▶ Supplied material
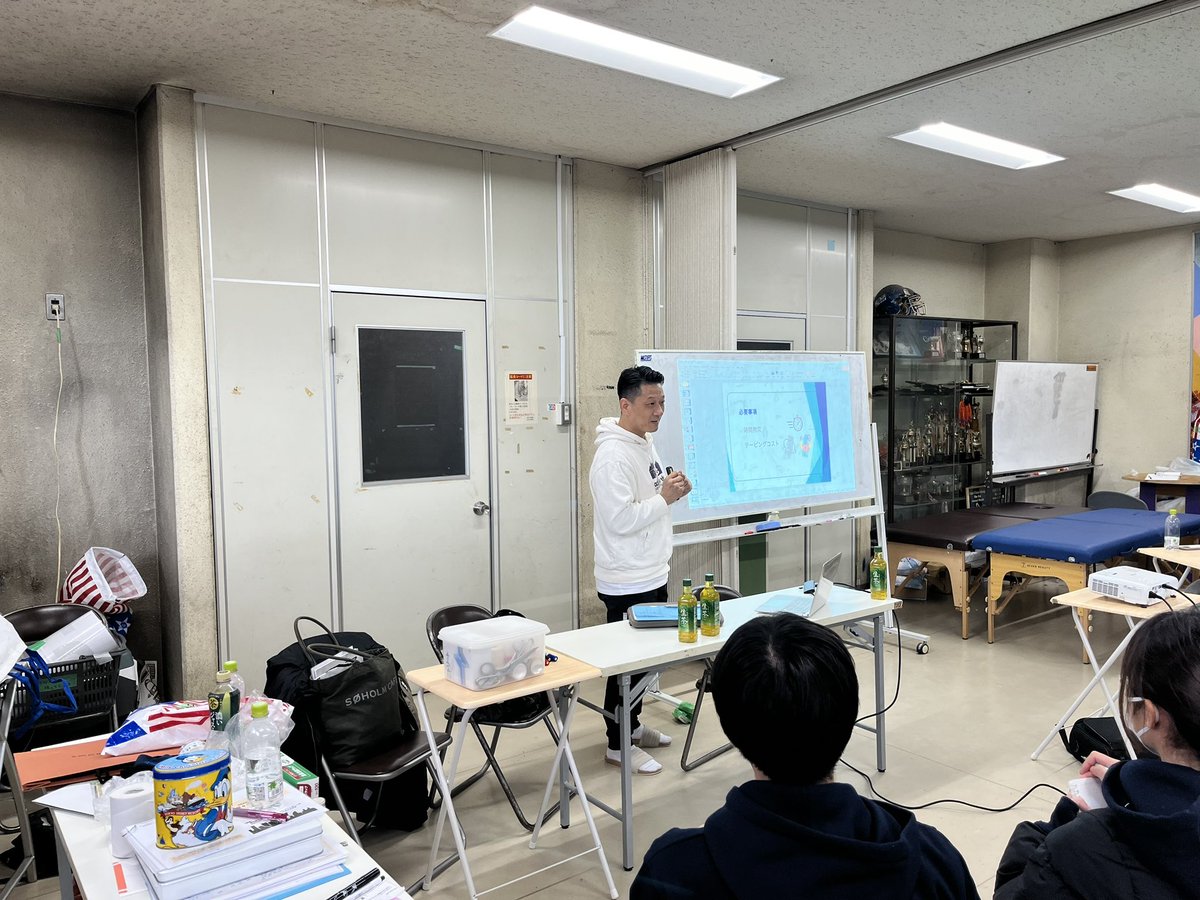 tkcsoga's tweet photo. X久しぶりの更新です。
4月より今までのトレーナー活動で得た技術を世に広めて行く活動を始めました！

第一段はテーピングです。
『テーピングは学生トレーナーの最大の武器になる！』
と仮説を立てて、X上で募集を行い、複��の大学アメフト部で訪問セミナーを行ってきました！

今後、Xではセミナーの様子や、重要なテーピングスキル、受けた学生達のビフォーアフターに着目してコンテンツをアップしていきます🙌
セミナーを受けたいなど、ご質問あれば、お気軽にDM、コメントください👌

今後の投稿をお楽しみに。

#テーピング
#アメリカンフットボール
#kcfa
#kcafa
#関東学生アメリカンフットボール
#関西学生アメリカンフットボール
#xleague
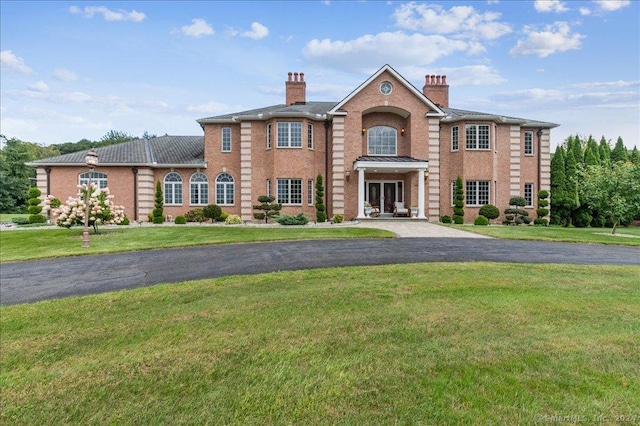 view of front of home featuring a front yard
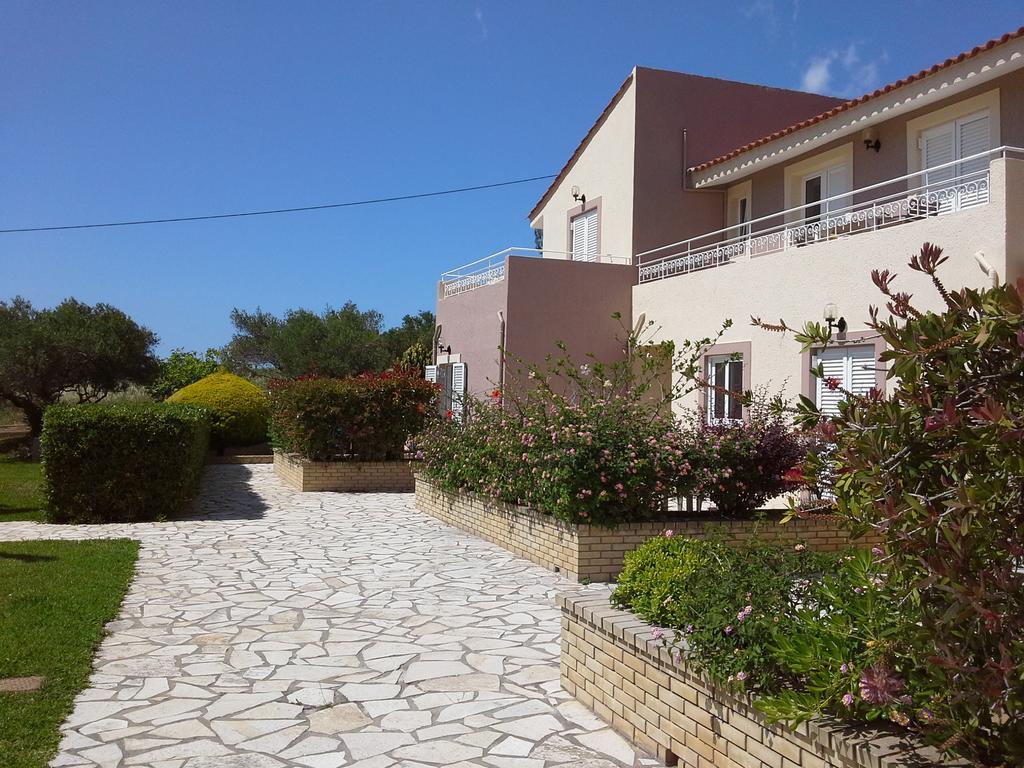 Marinos Apartments Ласі Екстер'єр фото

▶ Task objective
Copy exactly the lines from the line containing "view of front of home featuring a front yard" through the last line of the records above, both included, and leave out any pictures.

▶ Answer space
 view of front of home featuring a front yard
 Marinos Apartments Ласі Екстер'єр фото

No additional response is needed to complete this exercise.